A: There is not one thing called "the" Riemann surface. Riemann surfaces are a whole class of mathematical objects, just like sets, functions, groups, and manifolds generally.
A Riemann surface most generally is a one-dimensional complex manifold, where the "one-dimensional" means a single complex dimension, so equivalent to two topological dimensions, i.e. the usual way you think of "dimensions" when you say the surface of a sheet of paper or a globe is two-dimensional. That is, it is a two-dimensional surface which, in some sense, can be considered as a "deformed" complex plane while without compromising its essential geometric features. One of these is orientability: a sphere or plane can be a Riemann surface, but a Moebius band cannot, because it in effect would confuse complex numbers with their complex conjugates.
The absence of origin is actually crucial to the "manifold" part in this case. What you are missing in the definition of the manifold is not that "every point in $\mathbb{C}$ has a suitably equivalent neighborhood" but that "every point on the manifold has a suitably equivalent neighborhood" to a plane. The origin is not on the manifold, so whatever happens there doesn't contradict the definition, and in fact it cannot be put on there, because that would indeed break the equivalence: you'd have all the "corkscrew" fanning out from there with a single point floating somewhere along the shaft - it'd not be plane-like at all in any set including that point.
Now as I pointed out, the Riemann surfaces are a whole class of objects. This is not necessarily relevant to your immediate example, but it is very important when it comes to "all complex multi-valued functions". In general, there is no one Riemann surface that can be used to convert a "multi-valued function" (which I prefer to call a one-to-many relation) into a proper function. A good example of a function whose Riemann surface is different from the one you cite is the humble square root $\sqrt{\cdot}$. To understand this, consider the following example. Think of starting at $z = 1$ and $\sqrt{z} = 1$, then rotate counterclockwise to $z = i$, taking care you follow a continuous path in $\sqrt{z}$ as well as $z$. Then $\sqrt{z}$ should go to $\frac{1}{\sqrt{2}} (1 + i)$. Now rotate to $z = -1$. You should expect $\sqrt{z}$ to go to $i$. Rotate again, to $z = -i$, and $\sqrt{z}$ goes to $\frac{1}{\sqrt{2}} (1 - i)$. One more rotation and you're at $z = 1$ again but now $\sqrt{z} = -1$. Now do another full 360-degree rotation. You will be at $z = 1$, but also $\sqrt{z}$ has gone back to $1$.
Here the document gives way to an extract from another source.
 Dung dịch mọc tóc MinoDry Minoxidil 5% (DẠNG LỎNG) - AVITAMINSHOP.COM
That is, you have arrived, after wrapping twice around the origin, back to where you started, whereas on the "parking deck" stack of the surface you give, two rotations just takes you to the third "level", which is separate from the first.
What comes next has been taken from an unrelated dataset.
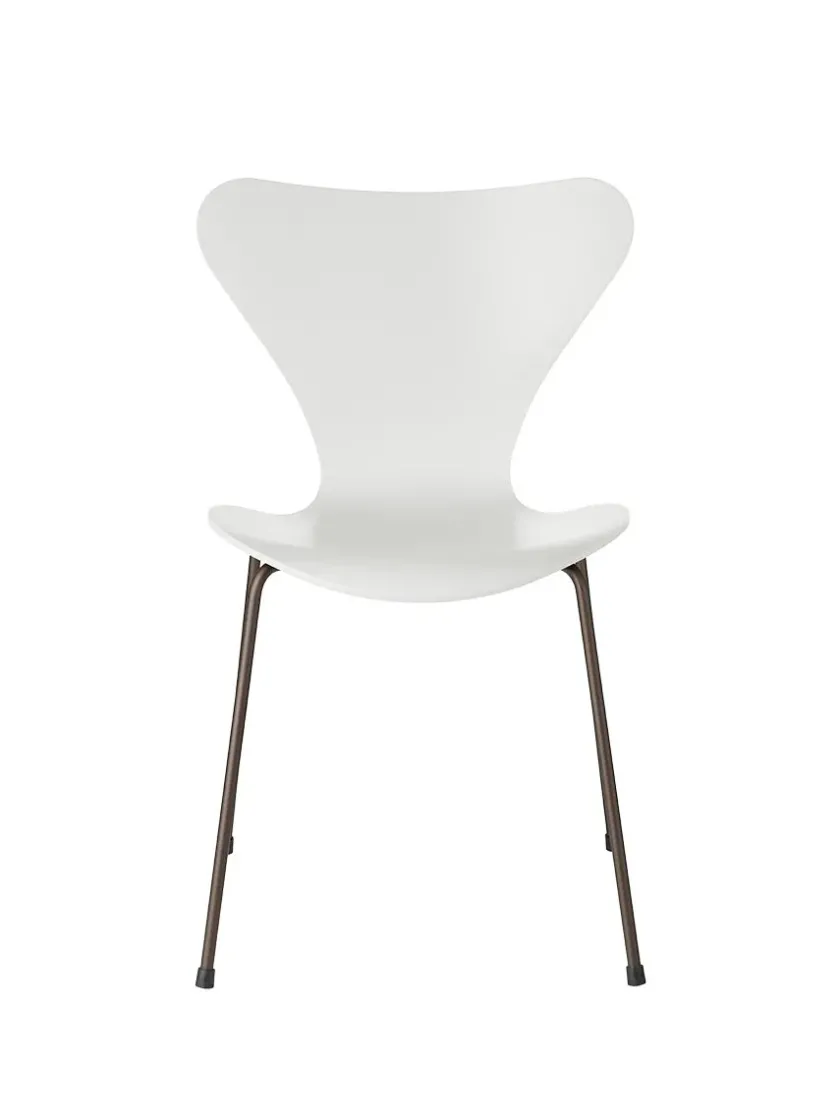 Fritz Hansen 3107 Serie 7 stol lakeret af Arne Jacobsen> Spisebordsstole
In fact, the Riemann surface of the square root doesn't lend itself to so nice a picture - to embed it into a Euclidean space requires a four-dimensional space, $\mathbb{R}^4$ (or if you like, $\mathbb{C}^2$), and that cannot be visualized in a simple and entirely convincing way because our brains don't work well in that. If you take a projection from $\mathbb{R}^4$ to $\mathbb{R}^3$, it will have a self-intersection, and where that is will depend on the viewing angle of the "camera" or "eye" in $\mathbb{R}^4$. You can think of it as somewhat analogous to a trefoil knot. If you forget about the 3D nature of the object and just pay attention to its 2D projection, you will find the 2D projection intersects itself no matter which way the 3D viewer is oriented, but your brain can make sense out of it instinctively as a coherent, non-self-intersecting object. Since our brains are not set up to visualize 4D naturally, you kind of just have to "take it on faith" the intersection is an illusion.
Riemann surfaces can get even more complicated when we consider that some multi-functions have multiple branch points. A good example is $z \mapsto \sqrt{1 - z^2}$. It has two branch points at $\pm 1$, for which a small area around each one looks like the square-root Riemann surface I just described.